Mortar can be used to decorate and renovate walls, indoors and outdoors.
Lime mortar has a pleasingly rough aspect and can help regulate humidity by absorbing moisture from the air, so it makes a room healthier, too.
Use a standard recipient, such as a large bowl, to measure out the ingredients.
Adjust quantities to suit the thickness of the layer you want (0.5 cm to 1 cm, for example).
For non-porous surfaces, such as walls covered with old paint, you should add a little cement* to the mix.

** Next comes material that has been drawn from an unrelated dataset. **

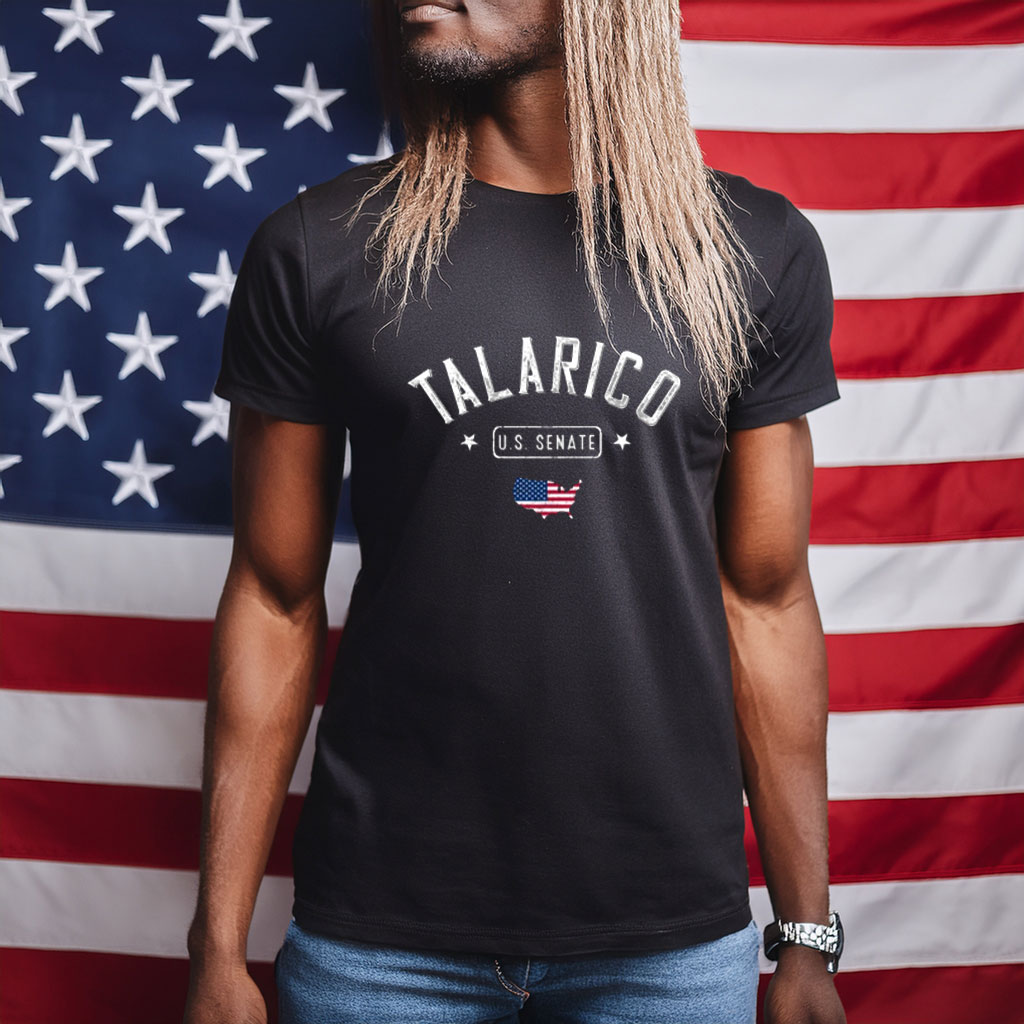 Talarico U.S. Senate Shirt with USA Map – Classic Campaign Tee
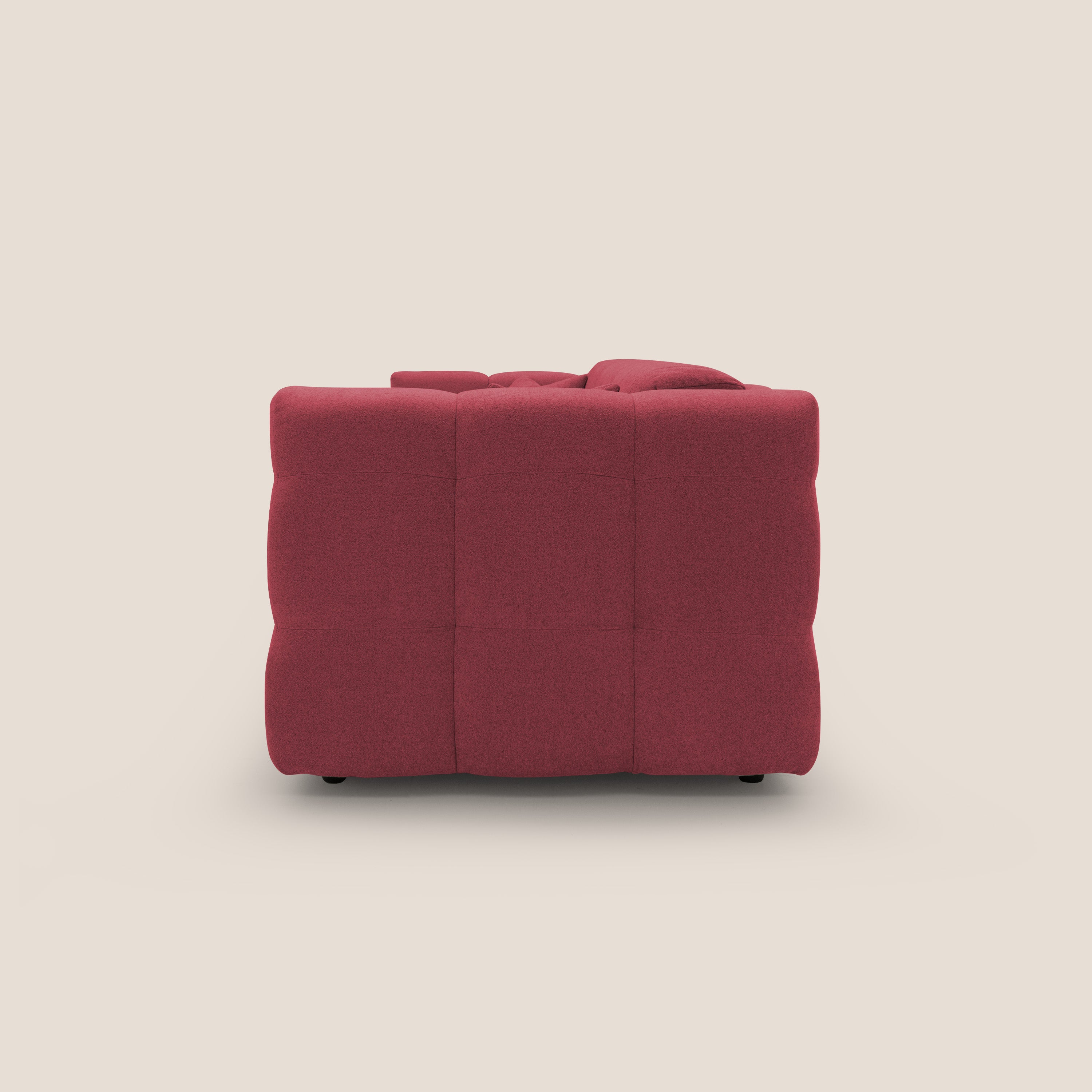 Tender Divano letto matrimoniale dal design innovativo in tessuto bouclet impermeabile T07 rosso - divani.store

The mortar will adhere better.
In a mason's mixing pan, mix 2 parts water with 2 parts lime, 1 part of cement and ½ part sand.
Always pour the water in first, then sprinkle in the dry ingredients.
Mix thoroughly with a stick, and then let rest for 5 minutes.
The mixture has the right consistency if when you separate the mixture with a spatula, the edges do not run together.
Before you apply the mortar, you should wire brush the wall, scoring it with a painter's knife if the wall is very smooth,
and moisten it with a damp sponge or spray bottle.
Apply the mortar with a spatula and plasterer's trowel, starting from the bottom of the wall.
While the mortar is still damp, you can wipe a sponge over it to bring out the texture of the grains of sand.
Once dry, there are a myriad of possibilities for the finish. You can scratch the mortar,
coat it with linseed oil or wax, or make a colored mortar with pigments.
* Cement manufacturers have taken steps to reduce the energy used to produce their products as well as their environmental impact.
Despite these efforts, these impacts are still high. When a home is renovated or restored, cement is difficult to reuse.
For this reason, please use cement sparingly.
Lime: Natural Hydraulic Lime (NHL 3.5-Z).
Sand: River sand. Different grades can be used, depending on the desired use or effect.
Cement: White or gray cement. More or less quick-setting.